Summing up, these data suggest that the ROCK activity above a certain threshold is necessary for the formation of a single high Rac1 activity center at the leading edge and avoiding the appearance of multiple high Rac1 activity centers in a cell. Thus, ROCK cooperates with PAK to maintain the polarized lamellipodia formation and the cell shape typical for mesenchymal cell movement.

Discussion

RhoGTPases are core regulators of mesenchymal and amoeboid cell migration. They integrate multiple internal and external cues (Campa et al., 2015; Devreotes et al., 2017; Lin et al., 2015; Park et al., 2017; Park et al., 2019) and relay information to a variety of cellular protein machineries, including proteins driving actin polymerization and cytoskeleton rearrangements, thereby enabling cell migration (Warner et al., 2019). Although molecular details of RhoGTPase - effector interactions have been elaborated, we still lack an overall picture of how these GTPase activities and effector interactions are coordinated between the leading and trailing edge in order to enable cell movement.

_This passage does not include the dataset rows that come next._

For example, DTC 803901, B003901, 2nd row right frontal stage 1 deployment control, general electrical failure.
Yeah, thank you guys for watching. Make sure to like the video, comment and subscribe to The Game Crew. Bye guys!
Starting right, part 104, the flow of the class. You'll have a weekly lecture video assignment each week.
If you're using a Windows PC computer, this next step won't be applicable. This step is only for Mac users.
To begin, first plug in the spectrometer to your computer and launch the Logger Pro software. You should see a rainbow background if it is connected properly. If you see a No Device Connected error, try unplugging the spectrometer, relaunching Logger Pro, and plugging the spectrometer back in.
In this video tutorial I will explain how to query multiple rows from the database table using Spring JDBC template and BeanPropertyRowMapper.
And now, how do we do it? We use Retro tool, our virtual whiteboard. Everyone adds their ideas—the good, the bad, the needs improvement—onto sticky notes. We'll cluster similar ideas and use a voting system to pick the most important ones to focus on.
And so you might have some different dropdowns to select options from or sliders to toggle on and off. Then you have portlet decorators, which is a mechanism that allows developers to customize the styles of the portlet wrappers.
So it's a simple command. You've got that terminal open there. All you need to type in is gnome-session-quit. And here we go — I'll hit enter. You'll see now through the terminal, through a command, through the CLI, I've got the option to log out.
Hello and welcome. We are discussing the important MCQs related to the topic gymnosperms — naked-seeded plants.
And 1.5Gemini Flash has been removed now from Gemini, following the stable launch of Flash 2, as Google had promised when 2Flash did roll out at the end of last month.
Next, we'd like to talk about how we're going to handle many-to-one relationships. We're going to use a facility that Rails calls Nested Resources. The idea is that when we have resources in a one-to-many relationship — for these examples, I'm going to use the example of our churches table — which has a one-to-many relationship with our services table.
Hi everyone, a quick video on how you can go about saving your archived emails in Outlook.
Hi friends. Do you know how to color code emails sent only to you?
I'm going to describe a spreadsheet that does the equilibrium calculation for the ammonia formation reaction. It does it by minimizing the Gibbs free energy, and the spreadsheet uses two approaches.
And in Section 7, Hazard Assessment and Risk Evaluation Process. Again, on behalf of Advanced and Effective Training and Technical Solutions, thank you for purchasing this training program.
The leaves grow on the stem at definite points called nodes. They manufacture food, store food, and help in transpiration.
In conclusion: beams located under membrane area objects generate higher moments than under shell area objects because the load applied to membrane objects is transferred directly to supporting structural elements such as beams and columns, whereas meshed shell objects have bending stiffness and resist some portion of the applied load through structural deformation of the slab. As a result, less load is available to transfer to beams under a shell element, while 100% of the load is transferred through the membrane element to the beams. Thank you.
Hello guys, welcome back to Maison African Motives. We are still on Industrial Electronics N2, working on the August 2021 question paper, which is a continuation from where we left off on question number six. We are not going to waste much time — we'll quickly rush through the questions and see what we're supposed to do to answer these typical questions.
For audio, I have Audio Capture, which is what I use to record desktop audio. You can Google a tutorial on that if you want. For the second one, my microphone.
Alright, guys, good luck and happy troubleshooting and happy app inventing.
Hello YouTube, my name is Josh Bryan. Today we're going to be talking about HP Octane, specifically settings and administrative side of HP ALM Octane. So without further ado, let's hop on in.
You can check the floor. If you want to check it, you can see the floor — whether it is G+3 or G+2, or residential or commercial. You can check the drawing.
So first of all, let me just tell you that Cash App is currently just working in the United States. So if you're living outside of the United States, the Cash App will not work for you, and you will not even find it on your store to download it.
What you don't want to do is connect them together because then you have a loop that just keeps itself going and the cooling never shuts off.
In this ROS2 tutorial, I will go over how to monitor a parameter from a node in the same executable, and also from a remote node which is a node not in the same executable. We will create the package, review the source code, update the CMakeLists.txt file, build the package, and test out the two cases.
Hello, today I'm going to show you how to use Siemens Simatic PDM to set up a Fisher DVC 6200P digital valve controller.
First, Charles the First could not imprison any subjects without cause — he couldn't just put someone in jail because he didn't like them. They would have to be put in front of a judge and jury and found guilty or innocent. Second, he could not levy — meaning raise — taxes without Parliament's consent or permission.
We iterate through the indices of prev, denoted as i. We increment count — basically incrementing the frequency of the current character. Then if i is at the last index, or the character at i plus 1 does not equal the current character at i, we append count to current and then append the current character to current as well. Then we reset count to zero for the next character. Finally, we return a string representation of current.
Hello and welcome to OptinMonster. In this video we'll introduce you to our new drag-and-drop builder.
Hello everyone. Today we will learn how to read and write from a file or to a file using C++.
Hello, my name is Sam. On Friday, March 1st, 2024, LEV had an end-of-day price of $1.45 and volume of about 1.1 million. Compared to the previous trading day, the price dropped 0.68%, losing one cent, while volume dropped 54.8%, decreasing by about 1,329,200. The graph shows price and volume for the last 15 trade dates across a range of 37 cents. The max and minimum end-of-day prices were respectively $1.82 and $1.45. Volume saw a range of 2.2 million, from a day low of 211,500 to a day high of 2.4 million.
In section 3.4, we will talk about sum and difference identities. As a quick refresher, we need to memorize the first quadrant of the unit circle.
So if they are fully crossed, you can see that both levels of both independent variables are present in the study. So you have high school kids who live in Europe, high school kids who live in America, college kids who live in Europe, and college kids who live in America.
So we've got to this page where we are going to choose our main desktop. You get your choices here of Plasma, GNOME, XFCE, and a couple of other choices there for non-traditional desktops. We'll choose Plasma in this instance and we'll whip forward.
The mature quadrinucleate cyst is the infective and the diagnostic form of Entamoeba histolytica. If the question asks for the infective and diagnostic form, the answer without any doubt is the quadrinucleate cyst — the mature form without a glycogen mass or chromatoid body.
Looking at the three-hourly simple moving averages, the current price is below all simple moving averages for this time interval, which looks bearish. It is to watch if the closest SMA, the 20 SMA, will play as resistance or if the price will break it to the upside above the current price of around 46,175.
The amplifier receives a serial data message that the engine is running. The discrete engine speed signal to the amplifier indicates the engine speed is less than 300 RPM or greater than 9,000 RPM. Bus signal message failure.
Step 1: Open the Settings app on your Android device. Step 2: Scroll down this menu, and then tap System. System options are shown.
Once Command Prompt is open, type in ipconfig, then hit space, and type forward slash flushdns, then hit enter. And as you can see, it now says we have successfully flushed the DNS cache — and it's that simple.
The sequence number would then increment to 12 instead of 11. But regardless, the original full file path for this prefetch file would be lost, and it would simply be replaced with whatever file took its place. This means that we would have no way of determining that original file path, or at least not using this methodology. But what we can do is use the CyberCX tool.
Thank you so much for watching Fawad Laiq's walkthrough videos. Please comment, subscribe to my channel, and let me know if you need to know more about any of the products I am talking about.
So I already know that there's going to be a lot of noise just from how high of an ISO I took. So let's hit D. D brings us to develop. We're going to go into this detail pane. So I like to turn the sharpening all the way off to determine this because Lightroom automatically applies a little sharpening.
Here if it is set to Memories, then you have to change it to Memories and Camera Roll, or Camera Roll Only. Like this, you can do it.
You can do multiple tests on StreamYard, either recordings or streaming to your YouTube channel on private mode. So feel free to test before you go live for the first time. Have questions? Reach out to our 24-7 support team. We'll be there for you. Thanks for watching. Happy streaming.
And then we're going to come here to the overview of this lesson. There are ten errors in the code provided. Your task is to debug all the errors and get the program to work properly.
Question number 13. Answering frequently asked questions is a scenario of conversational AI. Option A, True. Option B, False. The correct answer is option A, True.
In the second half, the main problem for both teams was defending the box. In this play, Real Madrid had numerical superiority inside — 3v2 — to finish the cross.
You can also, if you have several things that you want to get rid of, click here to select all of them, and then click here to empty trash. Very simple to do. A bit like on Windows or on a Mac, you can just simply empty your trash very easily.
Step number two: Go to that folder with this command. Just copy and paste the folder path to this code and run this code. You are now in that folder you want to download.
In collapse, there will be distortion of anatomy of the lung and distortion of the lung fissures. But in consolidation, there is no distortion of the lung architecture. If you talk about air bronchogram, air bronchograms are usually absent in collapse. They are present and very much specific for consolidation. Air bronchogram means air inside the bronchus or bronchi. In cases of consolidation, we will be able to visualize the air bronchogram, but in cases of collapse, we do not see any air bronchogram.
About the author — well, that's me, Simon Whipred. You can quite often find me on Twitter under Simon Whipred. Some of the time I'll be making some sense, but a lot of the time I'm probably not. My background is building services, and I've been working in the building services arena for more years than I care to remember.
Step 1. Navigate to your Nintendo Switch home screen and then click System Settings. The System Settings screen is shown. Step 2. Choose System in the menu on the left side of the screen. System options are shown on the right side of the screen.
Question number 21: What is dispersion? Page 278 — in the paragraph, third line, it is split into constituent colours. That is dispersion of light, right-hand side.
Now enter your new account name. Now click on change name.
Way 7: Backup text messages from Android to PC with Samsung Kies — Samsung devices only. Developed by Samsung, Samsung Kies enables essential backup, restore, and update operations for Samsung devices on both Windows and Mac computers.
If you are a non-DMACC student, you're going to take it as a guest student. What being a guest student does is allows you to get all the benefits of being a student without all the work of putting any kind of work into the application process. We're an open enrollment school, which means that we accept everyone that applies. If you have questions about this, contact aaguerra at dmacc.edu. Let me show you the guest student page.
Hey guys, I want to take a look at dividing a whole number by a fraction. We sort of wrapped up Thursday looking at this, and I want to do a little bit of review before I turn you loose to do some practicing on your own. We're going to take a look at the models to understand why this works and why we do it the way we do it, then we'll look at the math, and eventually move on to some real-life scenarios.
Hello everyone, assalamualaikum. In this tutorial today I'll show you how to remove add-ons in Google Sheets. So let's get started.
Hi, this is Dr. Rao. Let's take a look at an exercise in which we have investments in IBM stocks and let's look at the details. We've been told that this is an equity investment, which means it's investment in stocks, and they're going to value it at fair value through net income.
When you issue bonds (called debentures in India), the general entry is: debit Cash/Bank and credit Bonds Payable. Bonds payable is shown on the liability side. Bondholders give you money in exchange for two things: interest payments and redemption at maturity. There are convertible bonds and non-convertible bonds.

Here, we present a minimal biochemical mechanism that is necessary and sufficient for the cyclic process of cell migration. This mechanism integrates different temporal dynamics of the RhoA and Rac1 GTPases at the cell front, body and rear and shows how these activities are coordinated by propagating GTPase activation waves. Besides, our model rationalizes how the amoeboid and mesenchymal types of migration interchange by suppression or over-activation of specific RhoA and Rac1 effectors.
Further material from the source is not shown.